Il est clair qu'il y a divers facteurs liés aux arrangements de voyage qui exigeront qu'on fasse preuve de jugement ou qu'on exerce un pouvoir discrétionnaire. Il en va ainsi des aléas des horaires des lignes aériennes, des incertitudes liées à la délivrance des documents de voyage, des états de santé qui ont une incidence sur la capacité de voyager, tous des facteurs qui pourraient mener au report d'un renvoi à une autre date. Il y a ensuite des facteurs qui débordent les limites étroites des arrangements de voyage, mais sur lesquels ces arrangements ont un impact, notamment le calendrier scolaire des enfants, ou les naissances ou décès imminents. Ce sont des facteurs qui peuvent aussi avoir une influence sur le moment du renvoi. Même si on donne une interprétation très étroite à l'article 48 de la Loi, ces facteurs doivent être considérés.

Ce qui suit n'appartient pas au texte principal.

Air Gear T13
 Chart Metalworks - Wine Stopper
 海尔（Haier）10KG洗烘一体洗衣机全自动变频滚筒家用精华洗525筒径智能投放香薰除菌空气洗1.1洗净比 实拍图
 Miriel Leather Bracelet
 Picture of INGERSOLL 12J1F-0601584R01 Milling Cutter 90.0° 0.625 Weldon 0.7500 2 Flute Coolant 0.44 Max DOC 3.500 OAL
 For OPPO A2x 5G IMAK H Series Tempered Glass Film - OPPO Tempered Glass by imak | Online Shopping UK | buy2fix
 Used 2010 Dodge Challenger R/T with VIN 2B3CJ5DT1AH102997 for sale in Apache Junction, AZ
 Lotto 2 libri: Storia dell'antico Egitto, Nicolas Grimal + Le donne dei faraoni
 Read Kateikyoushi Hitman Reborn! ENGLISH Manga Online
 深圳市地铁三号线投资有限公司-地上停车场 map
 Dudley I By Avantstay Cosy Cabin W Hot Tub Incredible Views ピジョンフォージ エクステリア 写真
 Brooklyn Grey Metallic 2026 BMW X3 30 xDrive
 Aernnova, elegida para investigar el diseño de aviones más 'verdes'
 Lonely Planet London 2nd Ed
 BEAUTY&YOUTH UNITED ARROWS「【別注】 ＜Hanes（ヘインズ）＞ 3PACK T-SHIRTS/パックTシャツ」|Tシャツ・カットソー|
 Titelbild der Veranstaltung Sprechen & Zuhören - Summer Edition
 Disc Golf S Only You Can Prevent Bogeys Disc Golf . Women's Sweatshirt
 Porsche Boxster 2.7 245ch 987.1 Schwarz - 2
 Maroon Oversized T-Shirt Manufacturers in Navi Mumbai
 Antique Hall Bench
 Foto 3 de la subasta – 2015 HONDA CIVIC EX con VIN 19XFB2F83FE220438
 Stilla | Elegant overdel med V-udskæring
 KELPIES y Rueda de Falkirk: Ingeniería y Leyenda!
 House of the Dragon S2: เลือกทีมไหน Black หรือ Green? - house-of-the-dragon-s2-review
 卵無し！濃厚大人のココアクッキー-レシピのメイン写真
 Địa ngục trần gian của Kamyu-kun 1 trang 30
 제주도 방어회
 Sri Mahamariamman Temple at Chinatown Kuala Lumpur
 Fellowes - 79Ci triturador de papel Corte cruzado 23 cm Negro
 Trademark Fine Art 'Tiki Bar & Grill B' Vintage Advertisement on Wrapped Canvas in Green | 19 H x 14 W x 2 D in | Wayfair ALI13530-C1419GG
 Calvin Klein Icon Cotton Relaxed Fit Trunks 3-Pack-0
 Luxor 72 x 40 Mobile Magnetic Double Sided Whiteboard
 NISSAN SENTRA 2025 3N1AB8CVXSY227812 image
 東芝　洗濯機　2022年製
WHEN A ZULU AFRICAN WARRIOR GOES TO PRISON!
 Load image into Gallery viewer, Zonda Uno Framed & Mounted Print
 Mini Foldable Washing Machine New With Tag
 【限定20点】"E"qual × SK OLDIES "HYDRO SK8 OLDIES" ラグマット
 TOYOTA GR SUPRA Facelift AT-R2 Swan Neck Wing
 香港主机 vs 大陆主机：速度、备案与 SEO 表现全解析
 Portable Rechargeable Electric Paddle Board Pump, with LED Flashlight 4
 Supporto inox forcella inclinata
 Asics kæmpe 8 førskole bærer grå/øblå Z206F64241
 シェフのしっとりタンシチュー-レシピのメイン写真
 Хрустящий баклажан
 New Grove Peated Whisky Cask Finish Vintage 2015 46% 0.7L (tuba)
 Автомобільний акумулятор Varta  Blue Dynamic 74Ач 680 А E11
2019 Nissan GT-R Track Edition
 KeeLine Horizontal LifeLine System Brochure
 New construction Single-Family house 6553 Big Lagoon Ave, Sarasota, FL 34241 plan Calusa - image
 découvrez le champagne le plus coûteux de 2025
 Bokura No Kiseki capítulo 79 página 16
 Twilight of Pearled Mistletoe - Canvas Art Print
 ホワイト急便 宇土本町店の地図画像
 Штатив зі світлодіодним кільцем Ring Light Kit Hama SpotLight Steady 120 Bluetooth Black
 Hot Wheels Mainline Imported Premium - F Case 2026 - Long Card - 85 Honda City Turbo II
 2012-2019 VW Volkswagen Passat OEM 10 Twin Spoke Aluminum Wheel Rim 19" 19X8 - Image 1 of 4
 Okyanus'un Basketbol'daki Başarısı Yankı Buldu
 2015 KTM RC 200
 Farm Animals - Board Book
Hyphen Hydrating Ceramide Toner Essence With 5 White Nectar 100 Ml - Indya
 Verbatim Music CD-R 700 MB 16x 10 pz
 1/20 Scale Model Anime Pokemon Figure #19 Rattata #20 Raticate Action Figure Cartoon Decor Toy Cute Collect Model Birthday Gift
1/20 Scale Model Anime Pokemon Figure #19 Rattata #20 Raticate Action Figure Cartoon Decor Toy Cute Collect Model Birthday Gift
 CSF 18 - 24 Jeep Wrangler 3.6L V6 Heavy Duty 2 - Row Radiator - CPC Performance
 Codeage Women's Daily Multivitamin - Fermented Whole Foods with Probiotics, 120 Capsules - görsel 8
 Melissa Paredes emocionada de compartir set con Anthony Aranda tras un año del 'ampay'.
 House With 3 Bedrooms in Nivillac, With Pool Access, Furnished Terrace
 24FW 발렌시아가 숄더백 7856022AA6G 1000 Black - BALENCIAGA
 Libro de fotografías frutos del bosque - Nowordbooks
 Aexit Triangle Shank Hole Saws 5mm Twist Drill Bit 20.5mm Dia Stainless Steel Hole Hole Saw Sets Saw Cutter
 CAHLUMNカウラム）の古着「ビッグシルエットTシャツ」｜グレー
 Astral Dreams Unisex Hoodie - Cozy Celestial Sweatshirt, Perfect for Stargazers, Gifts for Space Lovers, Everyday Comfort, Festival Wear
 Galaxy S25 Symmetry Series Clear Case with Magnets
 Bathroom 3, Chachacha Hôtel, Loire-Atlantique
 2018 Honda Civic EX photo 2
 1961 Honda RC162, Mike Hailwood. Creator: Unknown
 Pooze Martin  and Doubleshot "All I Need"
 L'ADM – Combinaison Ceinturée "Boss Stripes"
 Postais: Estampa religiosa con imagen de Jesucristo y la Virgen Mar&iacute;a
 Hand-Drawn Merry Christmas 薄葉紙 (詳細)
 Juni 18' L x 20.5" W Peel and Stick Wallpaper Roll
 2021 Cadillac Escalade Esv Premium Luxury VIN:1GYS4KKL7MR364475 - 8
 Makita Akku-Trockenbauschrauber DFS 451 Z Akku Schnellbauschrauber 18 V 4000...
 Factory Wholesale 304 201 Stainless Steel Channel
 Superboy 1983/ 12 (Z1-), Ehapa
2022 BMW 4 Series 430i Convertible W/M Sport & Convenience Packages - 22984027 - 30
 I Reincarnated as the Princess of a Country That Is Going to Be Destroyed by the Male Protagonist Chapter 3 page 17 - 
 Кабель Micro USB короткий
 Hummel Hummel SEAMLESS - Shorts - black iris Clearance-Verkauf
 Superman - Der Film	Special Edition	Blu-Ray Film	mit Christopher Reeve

En l'instance, la mesure dont on demande de différer l'exécution est une mesure que le ministre a l'obligation d'exécuter selon la loi. La décision de différer l'exécution doit donc comporter une justification pour ne pas se conformer à une obligation positive imposée par la loi. Cette justification doit se trouver dans la loi, ou dans une autre obligation juridique que le ministre doit respecter et qui est suffisamment importante pour l'autoriser à ne pas respecter l'article 48 de la Loi. Vu l'obligation qui est imposée par l'article 48, ainsi que l'obligation de s'y conformer, il y a lieu de faire grand état à l'encontre de l'octroi d'un report de la disponibilité d'une réparation autre, comme le droit de retour, puisqu'on trouve là une façon de protéger le demandeur sans avoir recours au non-respect d'une obligation imposée par la loi. Pour ce motif, je serais plutôt d'avis qu'en l'absence de considérations particulières, une demande invoquant des motifs d'ordre humanitaire qui n'est pas fondée sur des menaces à la sécurité d'une personne ne peut justifier un report, parce qu'il existe une réparation autre que celle qui consiste à ne pas respecter une obligation imposée par la loi.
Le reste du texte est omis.